Piyasalarda Yolunu Bulmaya Çalışanlar Aşure Sever misiniz? Kredi, Faiz, Banka, Tahvil! Her Şey Birbirine Girdi

Ekonomide olanlar hem işin içinde olanları hem de dışında olup anlamaya çalışanları yoruyor. Ekonomi yönetiminde alınan kararlar, en temel sorunu ve çıkış nedenini görmezden gelerek etrafında dolanmakla gitgide spiral haline dönüşüyor. Bu labirentten çıkmaya çalışanlar ise yolunu bulmakta zorlanıyor. Artık labirentin üreticisi konumundakiler de bu konuda zorlanırken, zaten durum iktisattan çıkarak mühendislikteki akışkanlar mekaniğine vardı. Yani iktisadi olarak söylenen tek şey 'faizin doğru zamanda ve doğru oranda belirlenmesi' olurken, konut, otomobil fiyatlarını belirleme, kiraya sınırlama, döviz alımını takip etme, satışını düzenleme, ihracatçıların gelirleri, KKM, mevduatta ZK indirme, krediye ZK bindirme, o tahvilden bu tahvile, KDV'de indirim, marketlere denetim her türlü yolu deniyoruz.
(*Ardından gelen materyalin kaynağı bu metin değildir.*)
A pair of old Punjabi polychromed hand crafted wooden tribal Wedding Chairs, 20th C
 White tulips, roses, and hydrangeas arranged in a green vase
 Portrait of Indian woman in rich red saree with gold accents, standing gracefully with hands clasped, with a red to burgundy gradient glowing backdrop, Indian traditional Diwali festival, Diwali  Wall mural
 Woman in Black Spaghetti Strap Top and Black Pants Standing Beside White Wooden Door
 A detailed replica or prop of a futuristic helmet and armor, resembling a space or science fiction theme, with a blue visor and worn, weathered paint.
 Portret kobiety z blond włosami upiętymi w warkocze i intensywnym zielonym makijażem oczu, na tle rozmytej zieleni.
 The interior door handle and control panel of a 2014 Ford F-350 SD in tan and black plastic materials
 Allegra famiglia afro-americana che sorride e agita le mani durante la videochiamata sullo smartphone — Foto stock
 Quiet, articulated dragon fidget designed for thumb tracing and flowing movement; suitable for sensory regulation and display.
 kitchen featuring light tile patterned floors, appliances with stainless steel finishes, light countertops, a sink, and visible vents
Kısaca İstanbul'dan Edirne'ye gitmek için Kars'a gidip uçağa biniyoruz.

Duymayan kalmasın! Cuma Merkez Bankası'nın açıkladığı tedbirler bugün piyasaları hareketlendirdi.

Cuma kararda kredi vardı, faizleri vardı, tahvil vardı, zorunlu karşılık (ZK) vardı, banka vardı. E ne duruyorduk?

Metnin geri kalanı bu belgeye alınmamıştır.